**Exercise:**
Give an unaltered copy of the listing below, minus its pictures.

___ Data shown

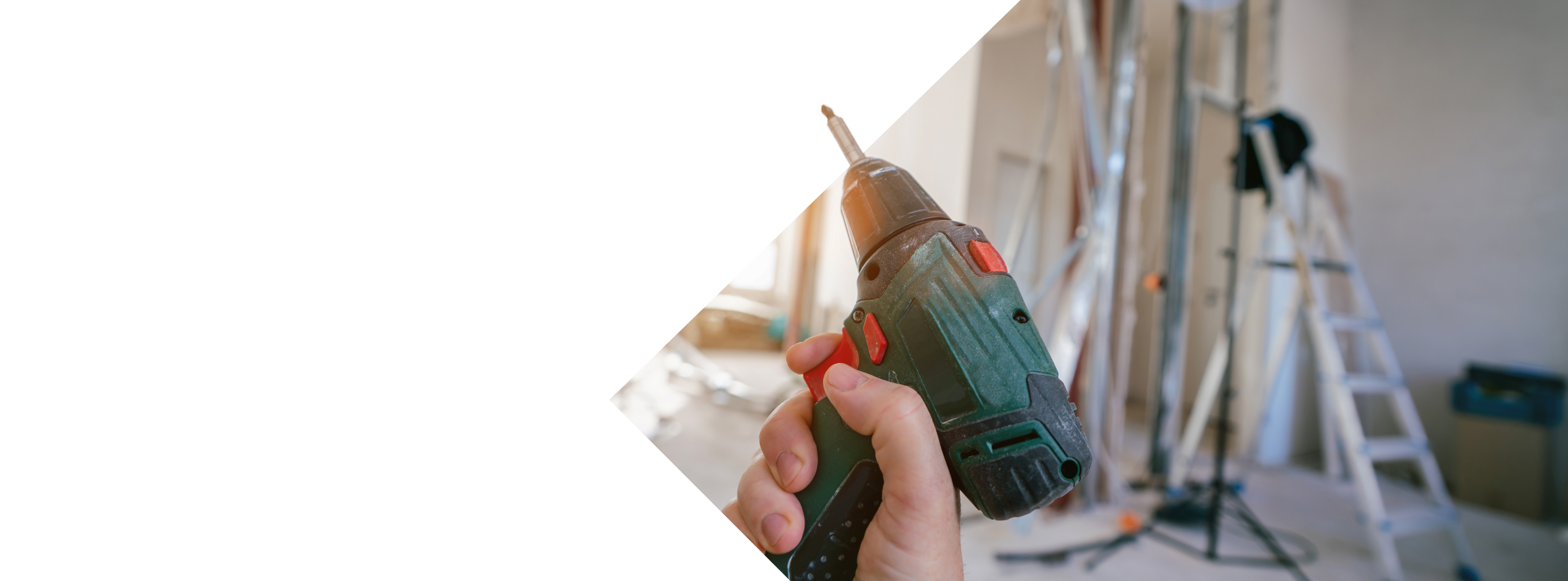 Vrtačka v ruce stavebníka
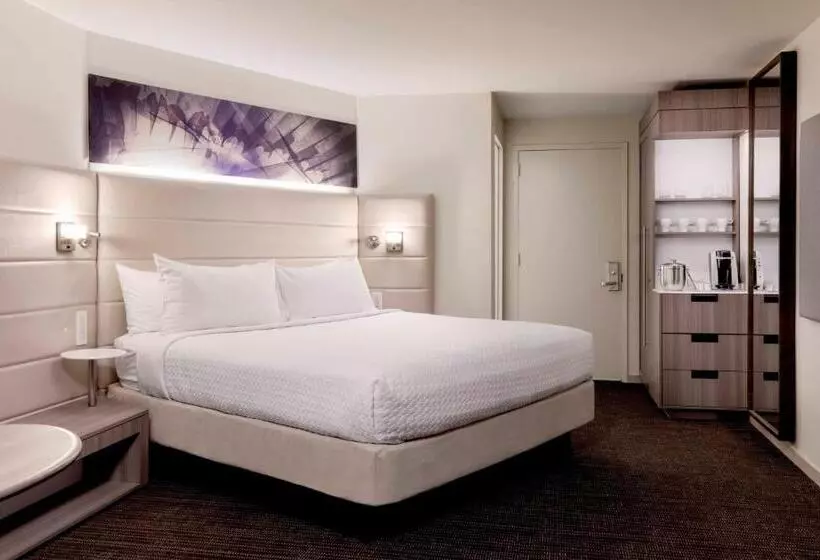 キングサイズベッドのスタンダードルーム, Crowne Plaza Atlanta  Midtown, An Ihg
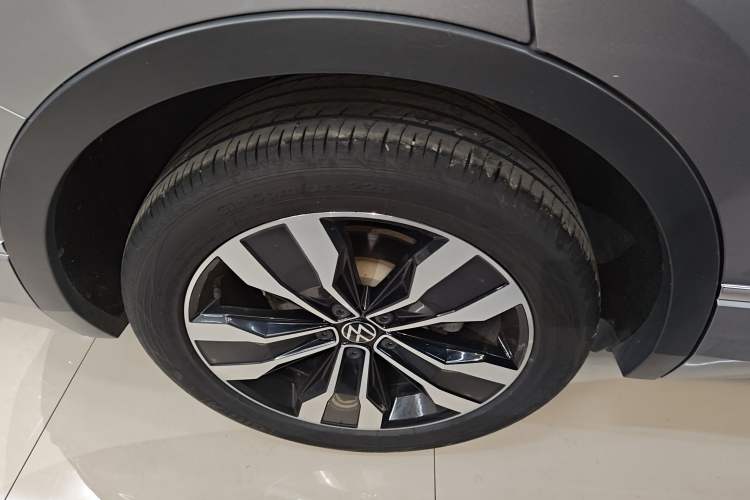 Used Volkswagen Tiguan L 2022 330TSI Automatic Two-Wheel Drive R-Line Enhanced Edition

______

**Result of the exercise:**
 Vrtačka v ruce stavebníka
 キングサイズベッドのスタンダードルーム, Crowne Plaza Atlanta  Midtown, An Ihg
 Used Volkswagen Tiguan L 2022 330TSI Automatic Two-Wheel Drive R-Line Enhanced Edition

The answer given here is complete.